La firma di Higuain e, in generale, l'attuale mercato segnano una svolta nella gestione della Juventus. Un salto in avanti, in termini di spesa, concepito dopo aver esaminato il contesto sportivo-economico italiano e internazionale, accettando una dose di rischio nella convinzione che l'alternativa – mi rafforzo in misura "ordinaria" per continuare a essere leader in A e nel giro della Champions – avrebbe portato prima o poi alla stagnazione. La Juve rinata sotto la presidenza di Andrea Agnelli ha perseguito l'autofinanziamento, dopo i 120 milioni di aumento di capitale del 2011. La "potenza di fuoco", somma tra stipendi e ammortamenti dei cartellini, è stata tenuta sempre sotto controllo: tra il 2010 e il 2015 è cresciuta del 38% (da 186 a 256 milioni) ma il fatturato è raddoppiato (da 156 a 328 milioni senza le plusvalenze). Ecco dunque il turnaround con attese di un esercizio ancora in equilibrio per il 2015-16. Quest'estate, però, si sta assistendo a una forte accelerazione. Il colpo Higuain genererà costi annui di 30-35 milioni (tra ingaggio e ammortamento) che si sommeranno ad altri 40 per le operazioni precedenti: 70-75 milioni in più di "potenza di fuoco", solo parzialmente compensati da 20 milioni di spese annue in meno per gli affari in uscita già realizzati e dai 10 che verrebbero liberati da Pogba, considerando che Marotta ha in canna entro il 31 agosto altri acquisti e cessioni. Occhio, qui non parliamo di cassa (la cessione del francese assicura tanto fieno e la Juve ha i fondamentali per ricorrere al debito) ma di gestione contabile: la plusvalenza di Pogba darebbe profitti nel 2016-17 e poi basta, negli anni seguenti la Juve rischia di ritrovarsi un livello di spesa troppo elevato. E qui arriviamo al punto. Se la Juve ha accettato il rischio lo ha fatto per una strategia precisa: costruire una rosa potenziale da top club europeo e agganciare ricavi che, altrimenti, sarebbero inaccessibili. A livello commerciale – si pensi agli sponsor regionali e al merchandising, che inizia a produrre buoni margini – l'impennata potrebbe esserci solo se la Juve venisse percepita come un brand internazionale d'alto profilo. Servono a poco gli scudetti di fronte all'impetuosa crescita economica delle big d'Europa. E nel 2018, con una Champions riformata o la Superlega, la Juve vuole presentarsi con il vestito migliore possibile. Lo riporta gazzetta.it.

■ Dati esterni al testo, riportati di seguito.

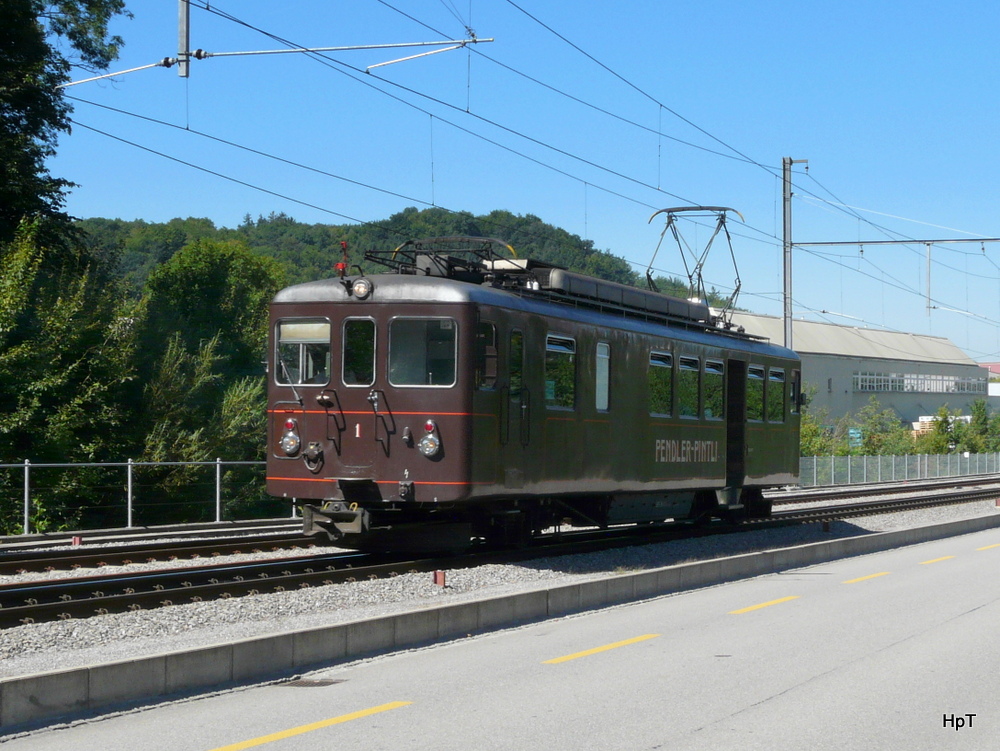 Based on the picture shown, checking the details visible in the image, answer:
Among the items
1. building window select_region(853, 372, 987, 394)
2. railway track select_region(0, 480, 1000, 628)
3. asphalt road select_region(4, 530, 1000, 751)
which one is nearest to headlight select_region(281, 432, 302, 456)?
railway track select_region(0, 480, 1000, 628)

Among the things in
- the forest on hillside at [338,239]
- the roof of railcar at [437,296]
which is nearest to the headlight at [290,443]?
the roof of railcar at [437,296]

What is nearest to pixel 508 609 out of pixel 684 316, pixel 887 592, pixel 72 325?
pixel 887 592

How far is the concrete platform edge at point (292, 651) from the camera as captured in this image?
733 centimetres

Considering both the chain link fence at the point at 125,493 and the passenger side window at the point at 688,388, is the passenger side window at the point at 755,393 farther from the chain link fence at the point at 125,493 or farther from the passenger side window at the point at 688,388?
the chain link fence at the point at 125,493

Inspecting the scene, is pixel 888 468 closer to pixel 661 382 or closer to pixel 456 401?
pixel 661 382

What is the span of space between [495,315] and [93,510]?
14.0 m

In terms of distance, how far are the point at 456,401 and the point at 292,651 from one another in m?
5.57

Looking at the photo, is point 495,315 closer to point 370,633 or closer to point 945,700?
point 370,633

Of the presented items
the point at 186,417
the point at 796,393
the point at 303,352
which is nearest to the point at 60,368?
the point at 186,417

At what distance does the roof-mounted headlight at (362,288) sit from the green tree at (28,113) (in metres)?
17.4

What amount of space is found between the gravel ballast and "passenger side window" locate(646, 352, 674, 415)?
2052 mm

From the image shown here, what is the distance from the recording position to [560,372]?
15.8m

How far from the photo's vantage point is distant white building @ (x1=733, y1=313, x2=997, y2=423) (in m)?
94.1

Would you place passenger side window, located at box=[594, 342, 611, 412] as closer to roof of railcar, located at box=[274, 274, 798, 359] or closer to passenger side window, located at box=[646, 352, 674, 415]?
roof of railcar, located at box=[274, 274, 798, 359] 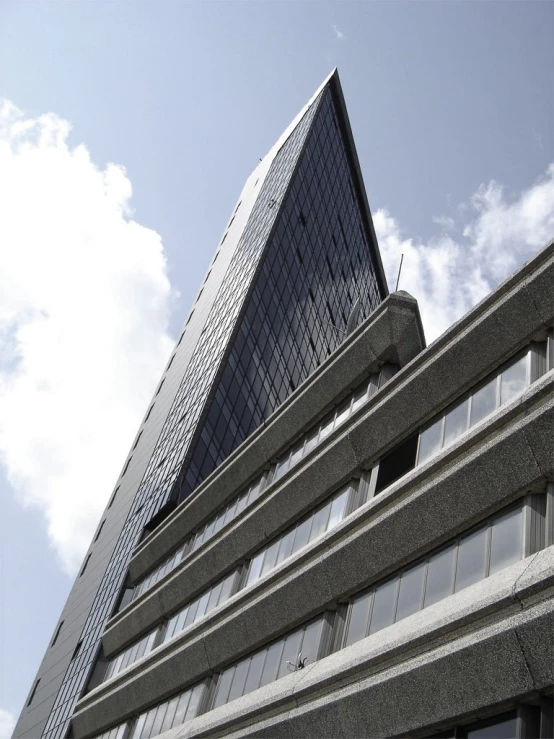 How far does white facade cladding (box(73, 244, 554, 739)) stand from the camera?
1288cm

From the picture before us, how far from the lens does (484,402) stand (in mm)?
17062

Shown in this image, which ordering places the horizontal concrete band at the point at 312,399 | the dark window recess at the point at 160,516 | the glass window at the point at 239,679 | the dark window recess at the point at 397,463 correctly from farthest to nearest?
the dark window recess at the point at 160,516 < the horizontal concrete band at the point at 312,399 < the glass window at the point at 239,679 < the dark window recess at the point at 397,463

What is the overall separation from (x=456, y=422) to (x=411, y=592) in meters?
4.02

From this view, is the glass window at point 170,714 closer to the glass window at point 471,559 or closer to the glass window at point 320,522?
the glass window at point 320,522

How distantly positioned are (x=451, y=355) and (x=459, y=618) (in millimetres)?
6864

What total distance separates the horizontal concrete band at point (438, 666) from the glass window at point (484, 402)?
4191 millimetres

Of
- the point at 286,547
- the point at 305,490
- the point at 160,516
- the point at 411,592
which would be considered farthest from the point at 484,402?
the point at 160,516

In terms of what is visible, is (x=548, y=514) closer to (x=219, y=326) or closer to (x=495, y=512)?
(x=495, y=512)

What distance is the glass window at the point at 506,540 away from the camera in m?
13.8

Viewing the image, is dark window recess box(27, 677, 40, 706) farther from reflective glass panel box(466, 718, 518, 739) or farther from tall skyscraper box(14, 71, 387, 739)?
reflective glass panel box(466, 718, 518, 739)

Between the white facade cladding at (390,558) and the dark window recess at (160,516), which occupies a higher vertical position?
the dark window recess at (160,516)

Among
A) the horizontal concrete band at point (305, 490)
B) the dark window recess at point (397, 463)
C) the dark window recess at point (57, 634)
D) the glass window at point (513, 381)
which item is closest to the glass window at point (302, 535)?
the horizontal concrete band at point (305, 490)

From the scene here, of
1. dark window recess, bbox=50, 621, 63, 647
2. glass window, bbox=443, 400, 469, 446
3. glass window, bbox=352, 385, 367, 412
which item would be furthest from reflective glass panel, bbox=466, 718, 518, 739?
dark window recess, bbox=50, 621, 63, 647

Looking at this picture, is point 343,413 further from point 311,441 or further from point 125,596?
point 125,596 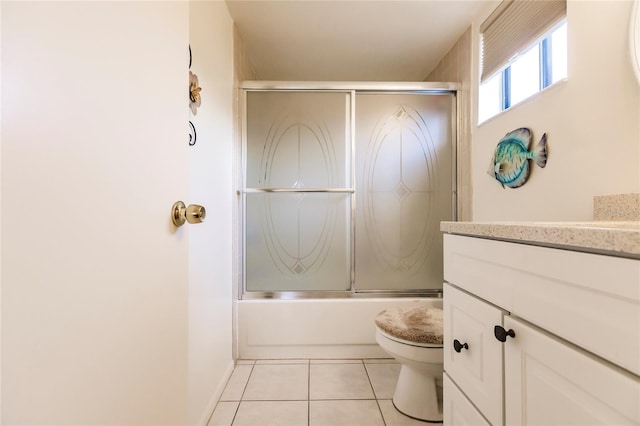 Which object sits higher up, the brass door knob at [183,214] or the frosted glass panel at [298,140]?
the frosted glass panel at [298,140]

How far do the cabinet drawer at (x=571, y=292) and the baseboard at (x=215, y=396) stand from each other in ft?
4.19

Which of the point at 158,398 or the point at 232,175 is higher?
the point at 232,175

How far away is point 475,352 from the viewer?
0.65 metres

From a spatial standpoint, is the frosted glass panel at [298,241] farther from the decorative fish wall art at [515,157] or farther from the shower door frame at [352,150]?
the decorative fish wall art at [515,157]

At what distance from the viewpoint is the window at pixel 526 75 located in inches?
45.9

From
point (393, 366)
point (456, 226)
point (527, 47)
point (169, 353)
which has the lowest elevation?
point (393, 366)

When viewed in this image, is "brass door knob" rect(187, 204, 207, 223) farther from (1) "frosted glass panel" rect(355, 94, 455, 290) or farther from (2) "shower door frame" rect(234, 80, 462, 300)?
(1) "frosted glass panel" rect(355, 94, 455, 290)

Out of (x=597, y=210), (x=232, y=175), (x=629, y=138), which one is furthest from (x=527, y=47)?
(x=232, y=175)

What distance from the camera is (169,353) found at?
1.85ft

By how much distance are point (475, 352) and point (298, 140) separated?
157 cm

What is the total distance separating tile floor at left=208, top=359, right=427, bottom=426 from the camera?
125 cm

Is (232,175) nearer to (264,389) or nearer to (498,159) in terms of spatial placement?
(264,389)

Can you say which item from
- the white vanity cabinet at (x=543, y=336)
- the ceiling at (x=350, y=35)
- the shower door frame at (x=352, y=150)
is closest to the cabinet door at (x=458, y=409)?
the white vanity cabinet at (x=543, y=336)

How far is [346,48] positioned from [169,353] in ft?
7.03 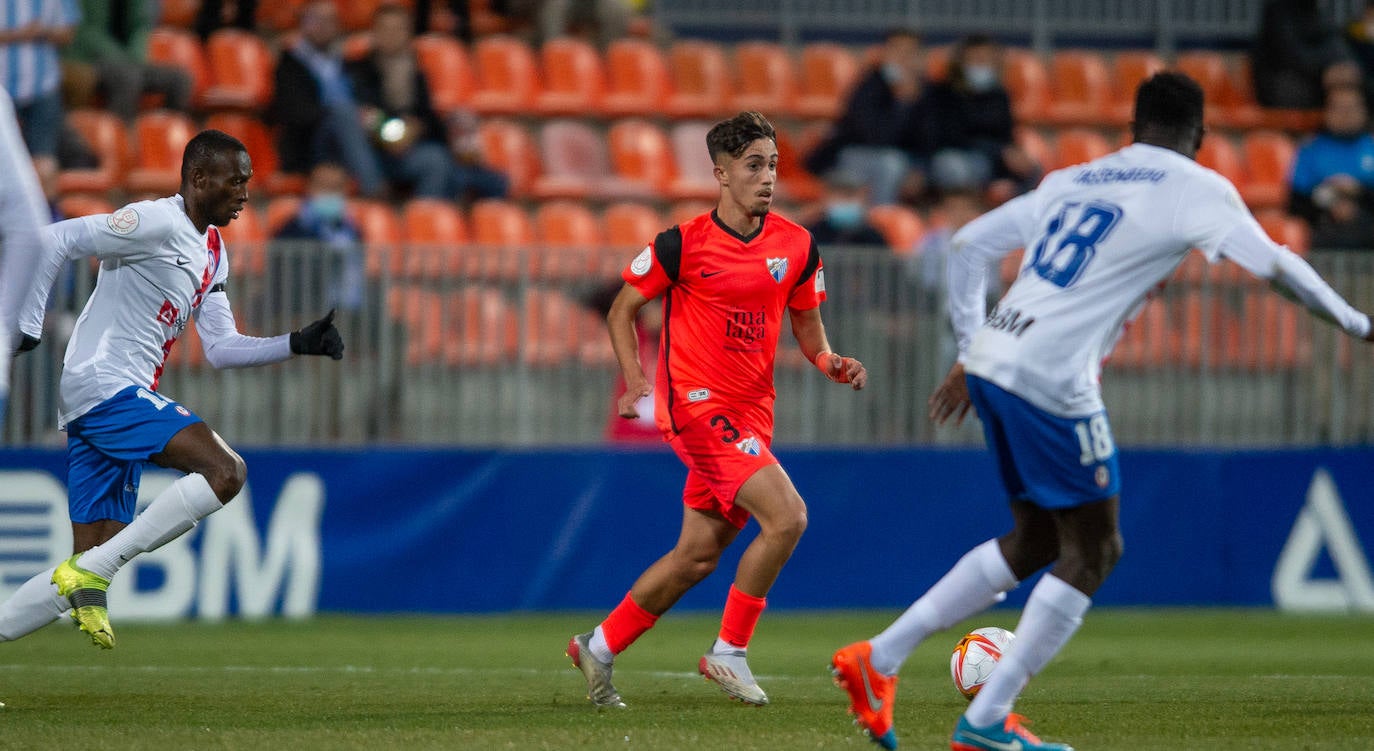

P.S. Il Barcellona ha appena licenziato il bilancio 2015-16 con un fatturato record di 679 milioni, che al netto delle plusvalenze fanno 630-635 milioni (l'ufficialità giovedì) contro i 566 netti dell'anno precedente. Il fatturato della Juve, nella scorsa stagione, dovrebbe essere salito attorno a quota 350 milioni, dai 328 del 2014-15. In Italia non c'è partita ma il gap con l'èlite europea si è ulteriormente allargato, giusto per sottolineare la necessità dell'accelerazione di quest'estate.